Saving >70% on cloud costs by maintaining reliability

In continuation of my previous post on CTO <> SRE series (thanks to all of you it received much more appreciated than I had anticipated). In this post, we’re going to discuss a real-life scenario that is further going to reduce the costs significantly.

Your startup is going through a hyper-growth phase. And you’re forced to reduce the cloud costs. Most of the common strategies don’t seem to help.

You came up with a wise insight and managed to reduce the cloud infra costs by more than 70% while maintaining the same reliability and improved overall performance.

Context

Your complete infrastructure runs on AWS, and scale is growing at a really fast pace, which led to a multi-fold increase in cloud costs month-on-month.

The cost is evenly distributed across bandwidth, computing, storage, etc. The engineering team has managed to run everything in a well-optimized manner, leading to no obvious optimization in the existing setup.

Your Observations

After reviewing the infrastructure, you realized spot(pre-emptive) instances are already being used wherever possible, so that is already out of scope.

Since there’s no way to reduce the ever-increasing costs, you should find an out-of-the-box solution.

The primary concern seems to be a dependency on cloud infrastructure.

You recall attending an SRE conference where migrating to bare-metal servers (managed by 3rd parties like IONOS, Hetzner, or any other local solution provider) might lead to significant cost savings.

However, moving out of the cloud might impact reliability and even complete loss of data.

You share your thought process with the CTO, and while finishing, a clever idea strikes.

What if you leverage a hybrid approach

Migrate out of the cloud to bare metal service providers Only run the read-replicas on AWS, to leverage reliability (only ingress will have negligible bandwidth costs)

The idea looks convincing, and the CTO highlights their long-term concern about being vendor-locked will also be resolved.

Also, the team was already leveraging automated playbooks (recall kubernetes?) for server setup, so efforts for the migration turned out to be almost negligible.

Over a couple of weeks, after tie-ups with multiple vendors, you manage to migrate all the services and traffic gradually.

Learnings

There’s no need to get deciphered by hyper-scale cloud providers, and their reliability claims, and pay ~10-100x costs for everything. Also, you don’t need to manage the overhead of on-prem VMs while moving out of the cloud.

Bare metal VMs yield 10-50x better performance, because of no virtualization overhead.

It’s wise to put engineering efforts toward automating server setup playbooks and have the least dependency on cloud-providers workflows.

Most databases scale much more than we think.

One should know the integrities not just to scale things, but to take full advantage of utilizing existing resources. And necessarily avoid hopping into the dilemma of choosing the best database or scaling strategy.

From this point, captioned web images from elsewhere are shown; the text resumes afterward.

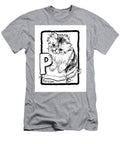 Persian Cat Painting In Black And White And The Letter P T-Shirt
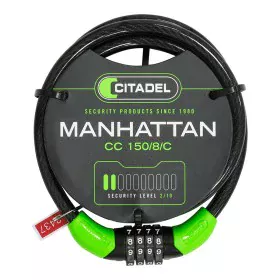 Cable with padlock Citadel Manhattan cc 150/8/c Combination Black 150 cm by Citadel, Locks - Ref: S7918258, Price: 17,23 €, D...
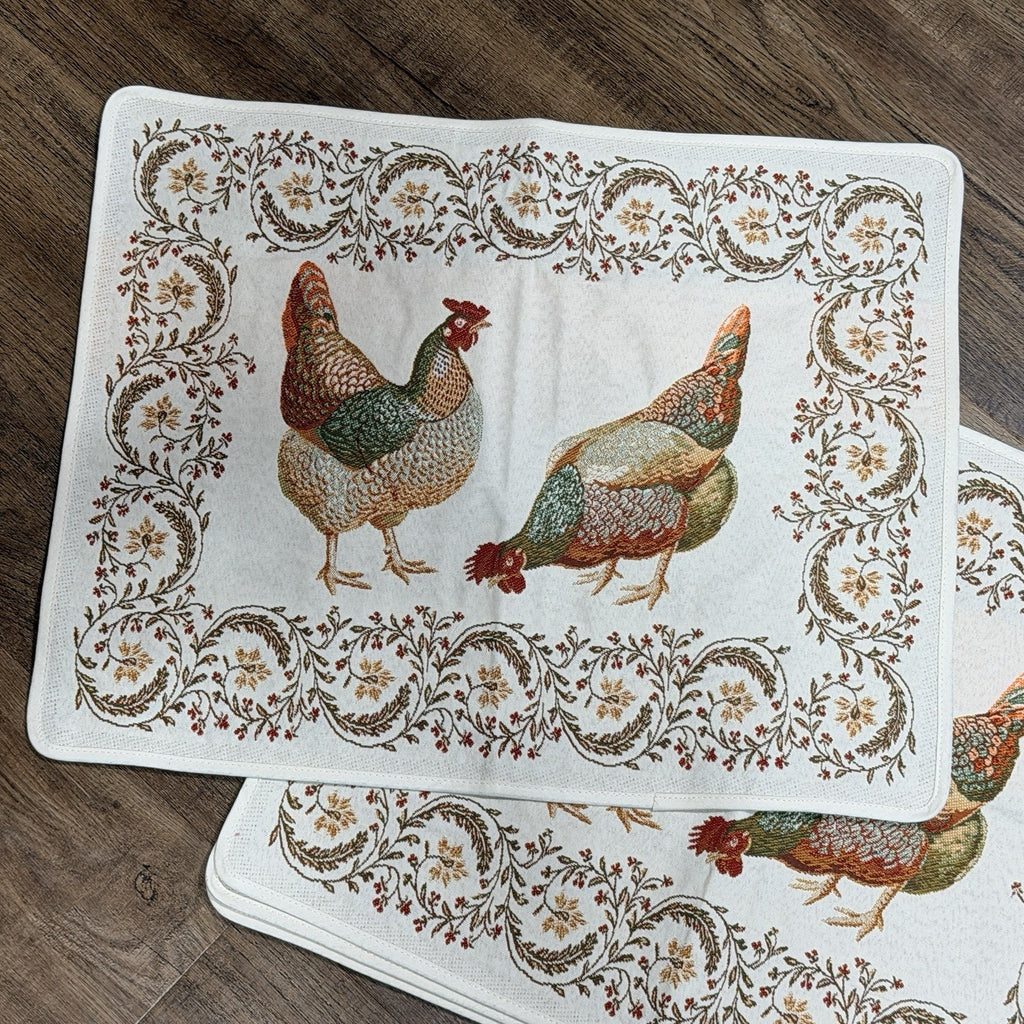 Set 4 Tissus Toselli Woven Placemats Chickens Rooster Fall Red Green France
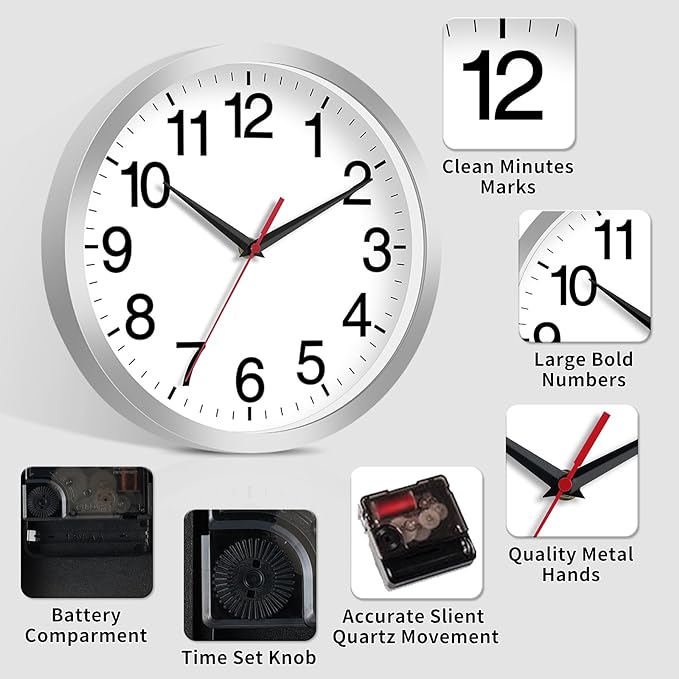 Rohioue Wall Clock Modern 8 Inch Battery Operated Silent Non Ticking Small - Image 4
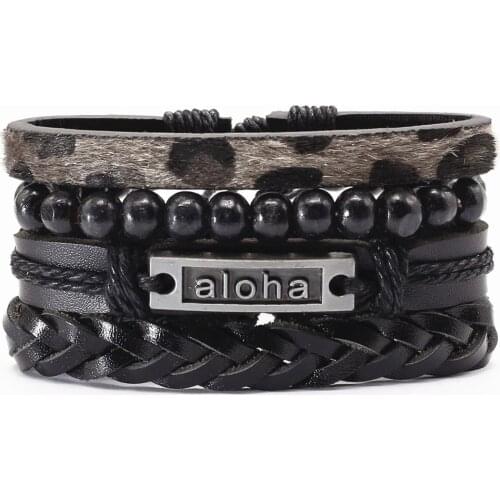 Leopard Print Black Brown Leather Men Bracelets Women Bangle Aloha Faith Charm Gift Jewelry Factory Outlet Freely Shipping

I’ll bifurcate the post based on pre and post-development strategies.

Pre-development:

  • Fetch only the required data, and if the data is still large -> paginate (this will lay the foundation for schema design)
  • Different queries on the same view should avoid searching the same data multiple times (multiple queries on the same table should be avoided)
  • It’s not necessary to fetch all the data for the view in a single query -> breakdown into components

Essentially, the UI and DB view can be different

Post-development

  • An optimized query can be scaled at least 1000x compared to an un-optimized one
  • There will be a lot of gotchas while creating indexes depending upon the type of DB (there will be more and more surprises as you dig in)
  • Going through the codebase to determine the un-optimized parts is not feasible
  • The observability can be broken down into metrics and logs (on the DB level), along with tracing
  • 95% of the time, the profiler slow log is enough for improvements
  • Metrics are required to reduce the search space for inefficient aspects (e.g is the b-tree the reason for the occasional spike instead of the query)

Till what point improvements are feasible - until there are spikes in the resource usage.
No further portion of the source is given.